A arrecadação do Imposto de Renda da Pessoa Física (IRPF) no primeiro trimestre de 2011 foi de R$ 2,641 bilhões, crescimento real de 30,64% sobre igual período de 2010. Isso refletiu o aumento do lucro obtido na alienação de bens. Nesse item, a arrecadação de IRPF cresceu 66,93% de janeiro a março deste ano, ante igual período de 2010. Todos os anos, os técnicos da Receita Federal do Brasil se esforçam e avançam na simplificação do IRPF, na Declaração de Ajuste Anual. O preenchimento e as fontes de informação como imobiliárias (Dmob) e serviços dos profissionais de saúde (Dmed) facilitaram o cruzamento de dados. A calculadora, a importação de dados, enfim, são muitas as facilidades no preenchimento via internet, inclusive com a opção pelo modelo simplificado ou completo, informada na hora e com valores, ao contribuinte. Uma comodidade. No entanto, se qualquer coisa, um número que seja, não coincidir, se cai na famigerada malha fina. Aí começam os problemas, pois a página da Receita na internet tem tantos títulos e subtítulos que, às vezes, somente se consegue decifrar com a orientação de contador ou advogado tributarista. A retificação da declaração é razoavelmente facilitada, mas se o cidadão dominar o microcomputador e o acesso aos programas. Caso contrário ficará à mercê de atrasos, multas e penalidades legais. O cidadão faz a Declaração de Ajuste Anual, como o próprio nome diz, uma vez ao ano, tendo o prazo, em 2011, até hoje, 29 de abril, para enviar os seus dados, em consonância com as fontes pagadoras. No entanto, a legislação é prolixa, os tais de campos em que devem ser lançados os rendimentos auferidos no ano-base não são bem claros ou não reservam espaço para algumas situações. Por conta de informações confusas que chegam aos contribuintes, o declarante é levado a distorções. As alíquotas são altas e há abatimentos pífios, como os de dependentes e de educação.
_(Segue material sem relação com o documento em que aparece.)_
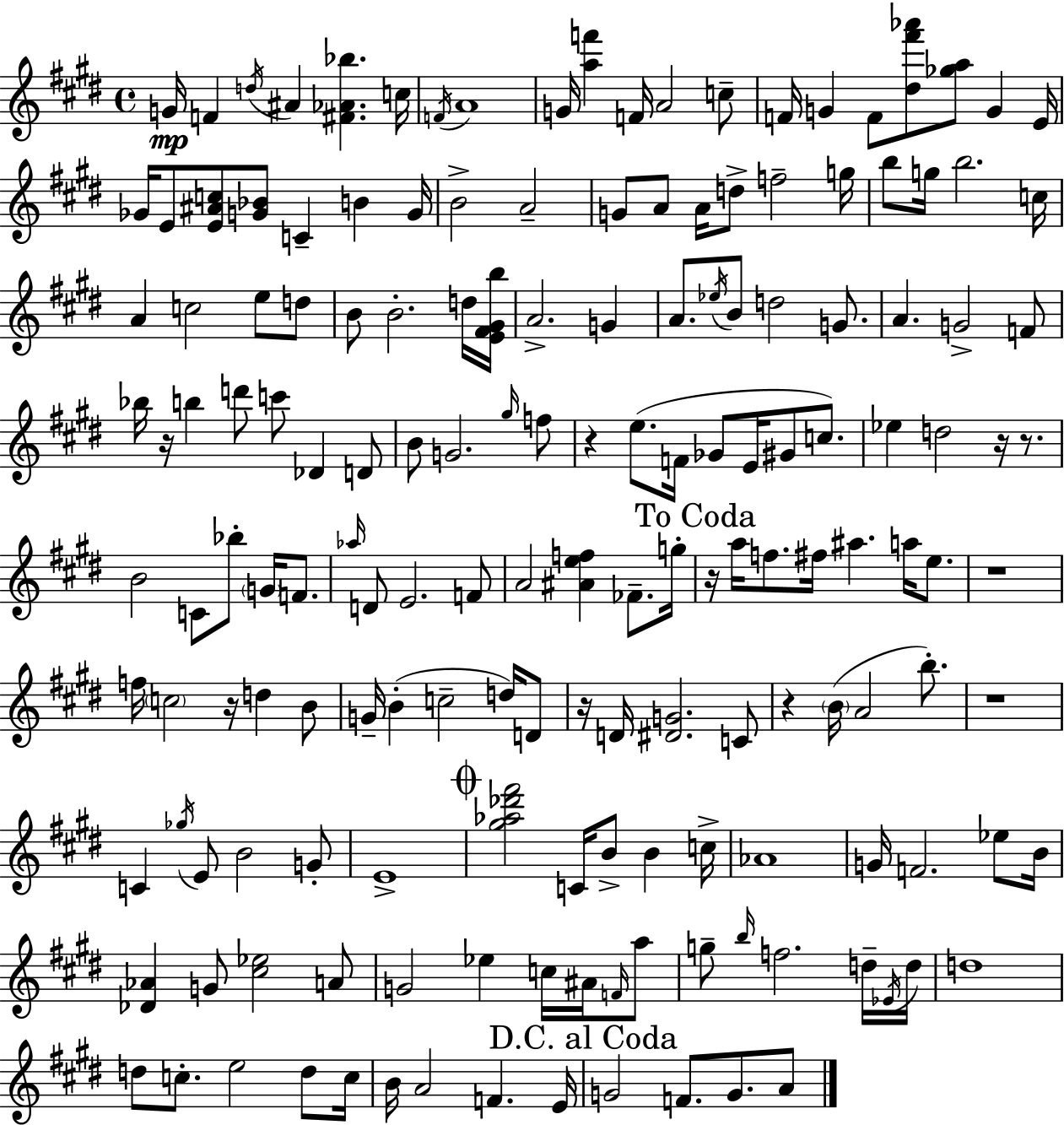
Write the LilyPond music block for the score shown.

{
  \clef treble
  \time 4/4
  \defaultTimeSignature
  \key e \major
  g'16\mp f'4 \acciaccatura { d''16 } ais'4 <fis' aes' bes''>4. | c''16 \acciaccatura { f'16 } a'1 | g'16 <a'' f'''>4 f'16 a'2 | c''8-- f'16 g'4 f'8 <dis'' fis''' aes'''>8 <ges'' a''>8 g'4 | \break e'16 ges'16 e'8 <e' ais' c''>8 <g' bes'>8 c'4-- b'4 | g'16 b'2-> a'2-- | g'8 a'8 a'16 d''8-> f''2-- | g''16 b''8 g''16 b''2. | \break c''16 a'4 c''2 e''8 | d''8 b'8 b'2.-. | d''16 <e' fis' gis' b''>16 a'2.-> g'4 | a'8. \acciaccatura { ees''16 } b'8 d''2 | \break g'8. a'4. g'2-> | f'8 bes''16 r16 b''4 d'''8 c'''8 des'4 | d'8 b'8 g'2. | \grace { gis''16 } f''8 r4 e''8.( f'16 ges'8 e'16 gis'8 | \break c''8.) ees''4 d''2 | r16 r8. b'2 c'8 bes''8-. | \parenthesize g'16 f'8. \grace { aes''16 } d'8 e'2. | f'8 a'2 <ais' e'' f''>4 | \break fes'8.-- g''16-. \mark "To Coda" r16 a''16 f''8. fis''16 ais''4. | a''16 e''8. r1 | f''16 \parenthesize c''2 r16 d''4 | b'8 g'16-- b'4-.( c''2-- | \break d''16) d'8 r16 d'16 <dis' g'>2. | c'8 r4 \parenthesize b'16( a'2 | b''8.-.) r1 | c'4 \acciaccatura { ges''16 } e'8 b'2 | \break g'8-. e'1-> | \mark \markup { \musicglyph "scripts.coda" } <gis'' aes'' des''' fis'''>2 c'16 b'8-> | b'4 c''16-> aes'1 | g'16 f'2. | \break ees''8 b'16 <des' aes'>4 g'8 <cis'' ees''>2 | a'8 g'2 ees''4 | c''16 ais'16 \grace { f'16 } a''8 g''8-- \grace { b''16 } f''2. | d''16-- \acciaccatura { ees'16 } d''16 d''1 | \break d''8 c''8.-. e''2 | d''8 c''16 b'16 a'2 | f'4. e'16 \mark "D.C. al Coda" g'2 | f'8. g'8. a'8 \bar "|."
}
Os técnicos da Receita discordam da sugestão de que deveriam ser cobradas alíquotas menores sobre salários, alugueis e outros ganhos, mas sem retorno. O desconto seria automático, na fonte e o dinheiro não voltaria. Acontece que, afirmam os especialistas, poderia ocorrer uma injustiça a favor daqueles que têm várias fontes. Isoladamente, pagariam uma alíquota baixa, por exemplo, de 5% sobre R$ 1 mil. Mas, ao serem somadas as fontes, o contribuinte deveria pagar 10% ou 15%, talvez a alíquota máxima, de 27,5%. E, assim, quem ganha menos acabaria sendo nivelado aos que percebem mais. É uma lógica aceitável. As orientações repassadas por contadores, advogados tributaristas e técnicos da Receita que comparecem em programas de rádio, tevê ou dão entrevistas a jornais não conseguem ser suficientemente claras para que a pessoa comum não cometa erros. Então, simplificar é preciso. Resumindo e pedindo análise da Receita Federal, o que se deseja é menores alíquotas, poucos ou nenhum desconto, com dados apenas para fins de estatística, e o fim da restituição, além de um universo maior de cobrança na fonte sobre operações de compra/venda. A Declaração de Ajuste Anual tem comodidades impensáveis há 10 anos, com a internet. Porém, pode, deve e ainda será aprimorada. Essa é a tarefa da Receita Federal do Brasil.